Sallie Mae, which manages about $142 billion in education loans, agreed to a settlement Wednesday stemming from a New York State investigation of questionable student lending practices. The arrangement requires the company to adopt a code of conduct and help fund efforts to educate the public about the student loan industry.

Because US forces are stretched, Defense Secretary Robert Gates said Wednesday that three months will be added to the 12-month tours for all 100,000 active-duty soldiers in Iraq and Afghanistan. This eliminates extensions on a unit-by-unit basis and ensures one-year breaks between deployment.

Saying new legislation crossed "a moral line," President Bush vowed Wednesday to veto a bill funding embryonic stem-cell research if it advances all the way through Congress. He vetoed a similar bill last year.

A federal grand jury in Columbus, Ohio, Wednesday indicted Christopher Paul, a US citizen, on charges of joining Al Qaeda and conspiring to bomb European tourist resorts and US government facilities and military bases overseas. Paul trained with Al Qaeda in the early 1990s, the indictment said.

Following in the footsteps of Virginia and Maryland, North Carolina passed a resolution Wednesday apologizing for "the injustice, cruelty, and brutality of slavery."

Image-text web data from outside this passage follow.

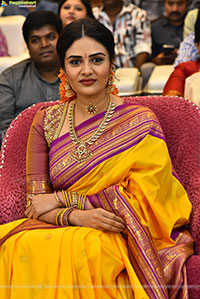 Sree Mukhi at Maa Inti Bangaram Prerelease Event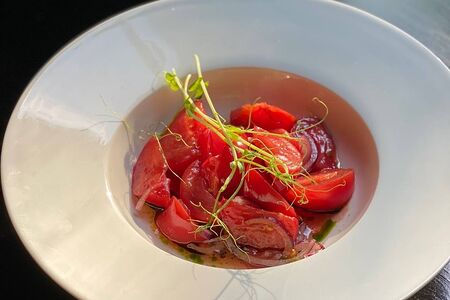 Салат из сладких помидоров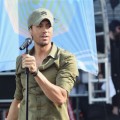 El presidente de Sri Lanka pide azotar con un pez venenoso a los promotores del concierto de Enrique Iglesias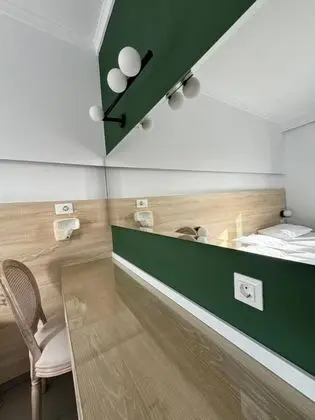 Tek Büyük veya İki Ayrı Yataklı Oda, Balkon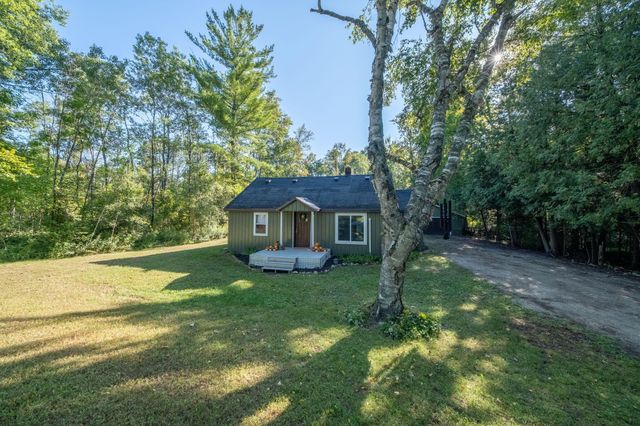 22820 Northland Drive, Paris, MI 49338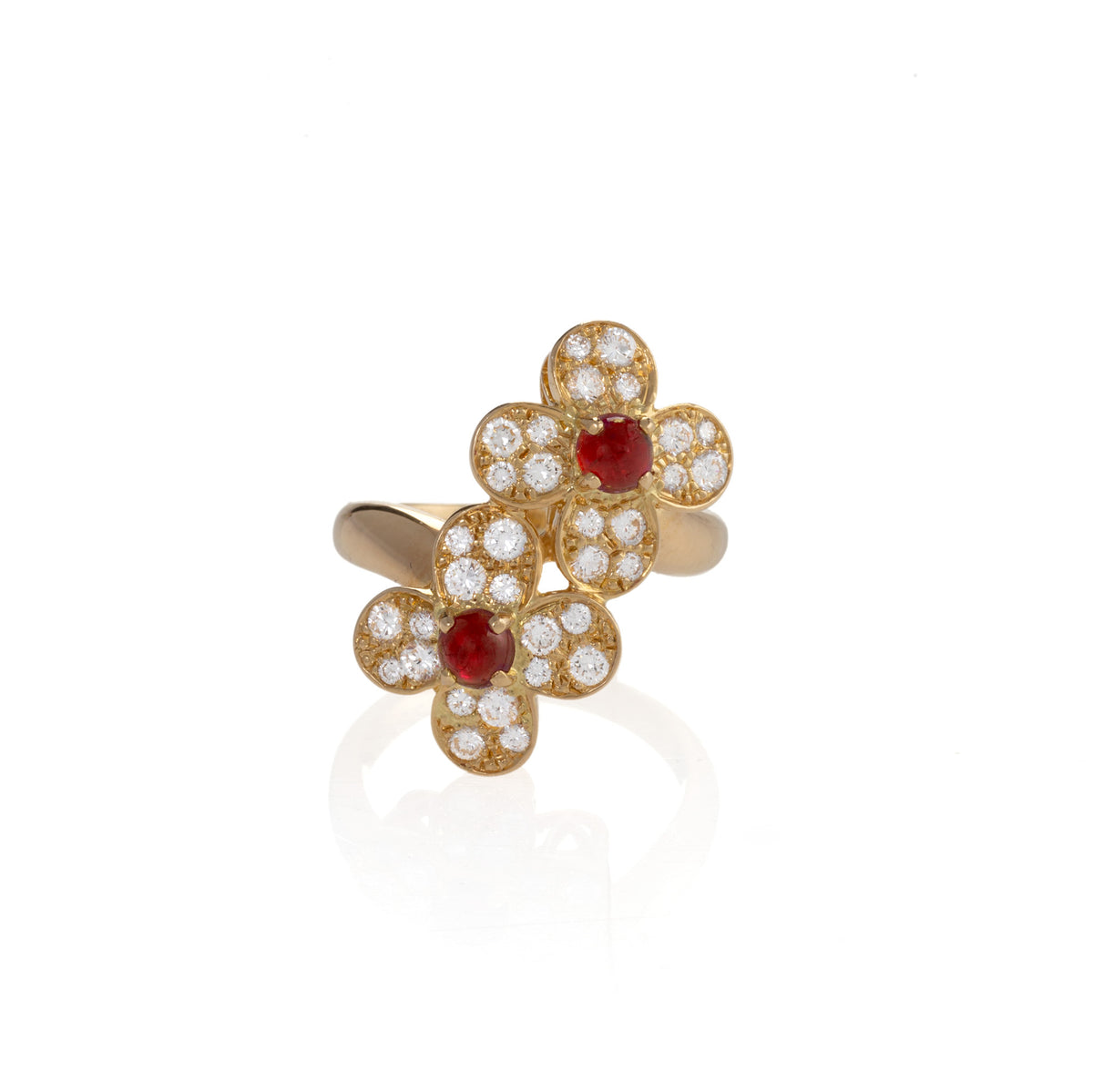 With its shape inspired by the - Van Cleef & Arpels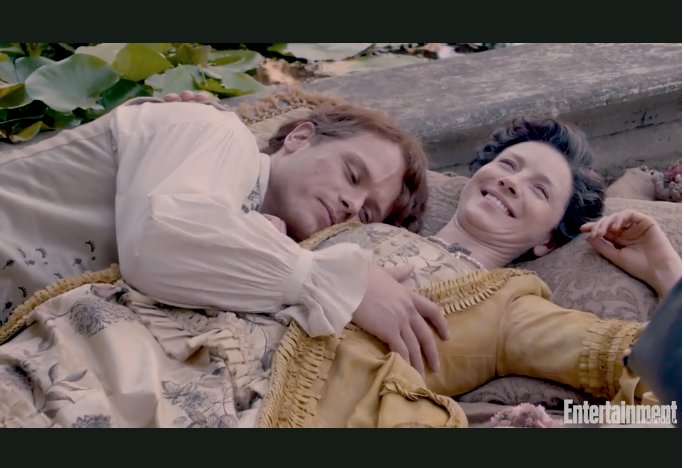 ClanLallybroch's tweet photo. Es el vestuario del baile del gobernador, un Easter Egg de la ropa de París #outlander El reportaje incluirá info de la T4! https://t.co/f6s3Xt7AEd
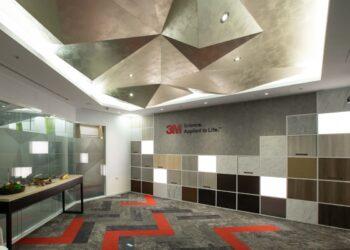 3M™ DI-NOC™ 特耐裝飾軟片推出 70 款擬真新花色，設計靈感源自大自然及手工材料之美，並將多元花色應用於3M辦公室實際展示。(3M提供)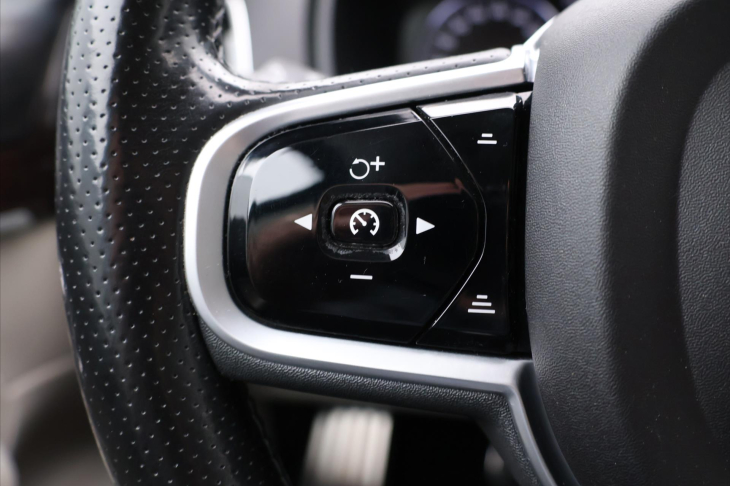 Volvo XC90 2,0 D5 177kW AWD CZ Inscription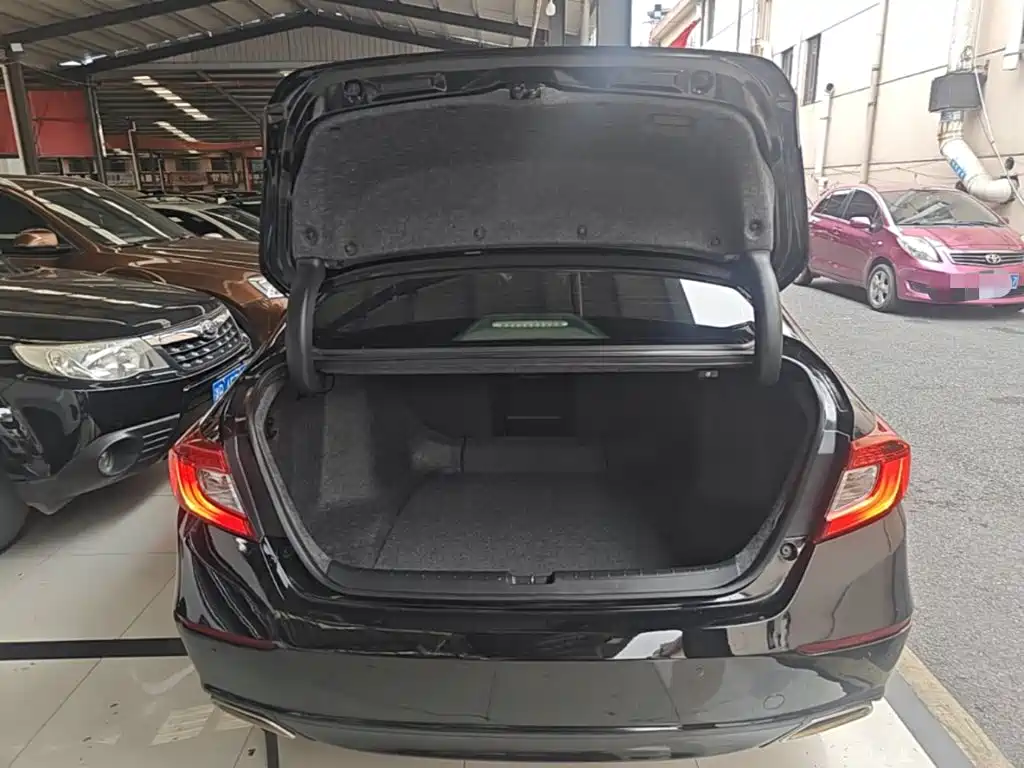 Honda Accord — миниатюра 19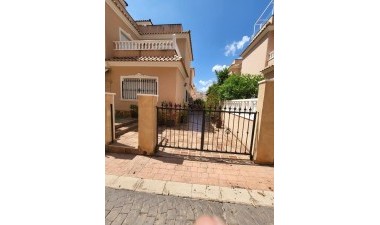 Resale - Villa - Torrevieja - Costa Blanca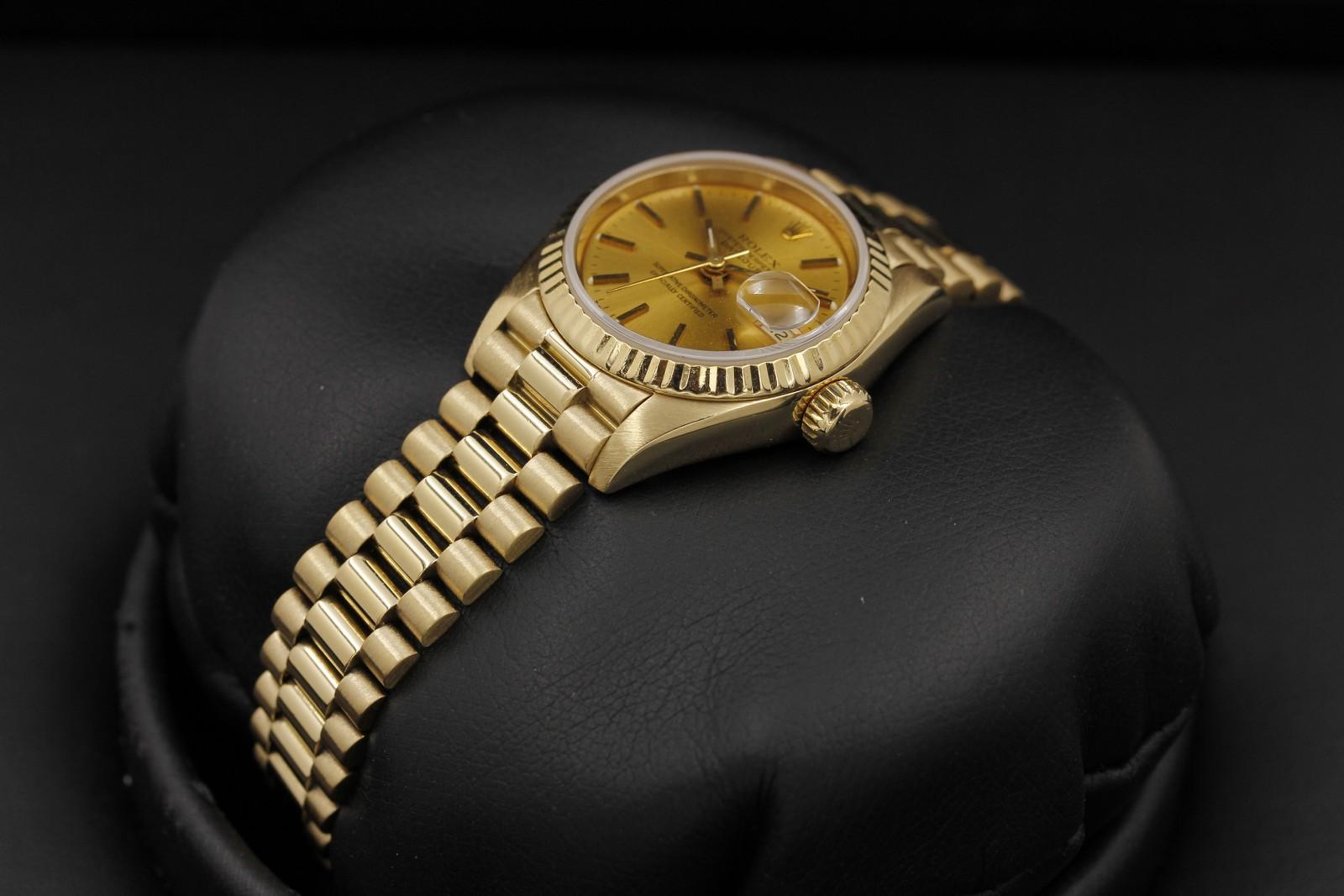 Watch Image 2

Radio host Don Imus hinted Thursday that he might retire after MSNBC dumped his simultaneous cable TV broadcast following the uproar over racist and sexist comments he made about the Rutgers women's basketball team.

Writer Kurt Vonnegut, who died Wednesday in New York, was known for mixing elements of social commentary, science fiction, and autobiography into books such as "Slaughterhouse-Five" and "Cat's Cradle."